Among the lines below, keep only those from the one containing "Image 10/19 de Porsche 911 Carrera (1996)" through the one containing "Beautiful koret vest", and reproduce them exactly.

## GIVEN INFORMATION
**********

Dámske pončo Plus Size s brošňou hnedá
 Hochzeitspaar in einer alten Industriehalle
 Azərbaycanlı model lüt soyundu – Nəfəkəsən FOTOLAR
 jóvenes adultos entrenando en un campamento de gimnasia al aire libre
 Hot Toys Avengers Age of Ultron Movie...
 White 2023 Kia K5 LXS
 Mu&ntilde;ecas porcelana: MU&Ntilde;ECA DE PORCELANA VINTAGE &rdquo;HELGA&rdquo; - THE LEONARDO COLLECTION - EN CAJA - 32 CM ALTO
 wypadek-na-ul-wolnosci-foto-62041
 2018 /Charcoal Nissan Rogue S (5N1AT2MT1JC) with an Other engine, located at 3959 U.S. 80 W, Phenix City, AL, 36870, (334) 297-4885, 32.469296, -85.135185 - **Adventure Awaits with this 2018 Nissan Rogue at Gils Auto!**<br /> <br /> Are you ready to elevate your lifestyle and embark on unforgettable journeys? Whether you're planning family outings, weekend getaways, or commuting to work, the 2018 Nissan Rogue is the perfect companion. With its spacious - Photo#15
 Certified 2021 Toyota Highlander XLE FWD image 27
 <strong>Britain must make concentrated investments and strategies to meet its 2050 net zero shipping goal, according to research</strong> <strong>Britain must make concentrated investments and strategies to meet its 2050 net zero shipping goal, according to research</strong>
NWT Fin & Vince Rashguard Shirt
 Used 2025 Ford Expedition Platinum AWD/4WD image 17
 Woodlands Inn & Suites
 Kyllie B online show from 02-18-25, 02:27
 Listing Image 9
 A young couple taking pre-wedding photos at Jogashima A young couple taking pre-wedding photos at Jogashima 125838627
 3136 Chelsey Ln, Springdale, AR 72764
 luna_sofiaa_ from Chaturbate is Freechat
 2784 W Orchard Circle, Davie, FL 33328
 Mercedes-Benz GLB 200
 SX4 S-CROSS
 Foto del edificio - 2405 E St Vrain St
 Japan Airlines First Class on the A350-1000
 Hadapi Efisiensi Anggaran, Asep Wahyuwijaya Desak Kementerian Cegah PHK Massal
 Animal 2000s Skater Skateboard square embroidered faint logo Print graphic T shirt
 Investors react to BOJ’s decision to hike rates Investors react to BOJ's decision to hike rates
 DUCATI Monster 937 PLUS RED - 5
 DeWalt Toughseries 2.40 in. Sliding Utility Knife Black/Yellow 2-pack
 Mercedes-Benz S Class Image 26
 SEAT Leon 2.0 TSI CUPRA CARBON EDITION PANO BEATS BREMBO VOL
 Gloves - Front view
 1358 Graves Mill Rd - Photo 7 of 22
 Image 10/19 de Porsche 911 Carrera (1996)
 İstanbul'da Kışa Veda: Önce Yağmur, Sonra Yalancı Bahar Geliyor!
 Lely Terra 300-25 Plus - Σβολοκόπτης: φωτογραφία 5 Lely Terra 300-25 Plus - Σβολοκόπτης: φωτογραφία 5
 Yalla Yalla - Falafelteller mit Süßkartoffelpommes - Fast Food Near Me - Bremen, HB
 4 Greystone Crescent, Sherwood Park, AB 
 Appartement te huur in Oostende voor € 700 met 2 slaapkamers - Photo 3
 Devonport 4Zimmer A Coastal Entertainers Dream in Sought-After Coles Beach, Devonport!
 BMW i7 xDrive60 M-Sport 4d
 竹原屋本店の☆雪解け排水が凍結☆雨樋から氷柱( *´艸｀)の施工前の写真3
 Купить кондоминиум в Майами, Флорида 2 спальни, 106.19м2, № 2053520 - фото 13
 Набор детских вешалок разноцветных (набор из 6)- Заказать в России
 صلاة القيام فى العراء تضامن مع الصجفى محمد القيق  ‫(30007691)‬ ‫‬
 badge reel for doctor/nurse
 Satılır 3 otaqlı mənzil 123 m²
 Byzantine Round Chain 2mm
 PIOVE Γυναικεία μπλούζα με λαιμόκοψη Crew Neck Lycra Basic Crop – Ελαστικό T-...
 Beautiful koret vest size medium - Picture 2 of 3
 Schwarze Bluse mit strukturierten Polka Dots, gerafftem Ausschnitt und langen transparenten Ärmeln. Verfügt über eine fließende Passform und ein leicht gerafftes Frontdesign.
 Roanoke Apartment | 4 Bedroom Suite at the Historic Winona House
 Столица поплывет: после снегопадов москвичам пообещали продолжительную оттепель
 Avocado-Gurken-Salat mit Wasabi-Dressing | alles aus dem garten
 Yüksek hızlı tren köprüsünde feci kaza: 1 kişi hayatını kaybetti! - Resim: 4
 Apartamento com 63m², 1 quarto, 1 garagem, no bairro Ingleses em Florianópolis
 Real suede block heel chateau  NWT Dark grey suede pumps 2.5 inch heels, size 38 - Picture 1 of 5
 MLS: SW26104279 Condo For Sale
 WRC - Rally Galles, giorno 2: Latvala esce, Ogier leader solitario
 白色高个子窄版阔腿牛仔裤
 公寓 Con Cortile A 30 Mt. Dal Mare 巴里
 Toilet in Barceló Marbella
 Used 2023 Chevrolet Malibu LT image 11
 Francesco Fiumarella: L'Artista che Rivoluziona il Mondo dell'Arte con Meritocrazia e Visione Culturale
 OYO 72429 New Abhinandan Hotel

**********

## RESULT OF THE TASK
 Image 10/19 de Porsche 911 Carrera (1996)
 İstanbul'da Kışa Veda: Önce Yağmur, Sonra Yalancı Bahar Geliyor!
 Lely Terra 300-25 Plus - Σβολοκόπτης: φωτογραφία 5 Lely Terra 300-25 Plus - Σβολοκόπτης: φωτογραφία 5
 Yalla Yalla - Falafelteller mit Süßkartoffelpommes - Fast Food Near Me - Bremen, HB
 4 Greystone Crescent, Sherwood Park, AB 
 Appartement te huur in Oostende voor € 700 met 2 slaapkamers - Photo 3
 Devonport 4Zimmer A Coastal Entertainers Dream in Sought-After Coles Beach, Devonport!
 BMW i7 xDrive60 M-Sport 4d
 竹原屋本店の☆雪解け排水が凍結☆雨樋から氷柱( *´艸｀)の施工前の写真3
 Купить кондоминиум в Майами, Флорида 2 спальни, 106.19м2, № 2053520 - фото 13
 Набор детских вешалок разноцветных (набор из 6)- Заказать в России
 صلاة القيام فى العراء تضامن مع الصجفى محمد القيق  ‫(30007691)‬ ‫‬
 badge reel for doctor/nurse
 Satılır 3 otaqlı mənzil 123 m²
 Byzantine Round Chain 2mm
 PIOVE Γυναικεία μπλούζα με λαιμόκοψη Crew Neck Lycra Basic Crop – Ελαστικό T-...
 Beautiful koret vest size medium - Picture 2 of 3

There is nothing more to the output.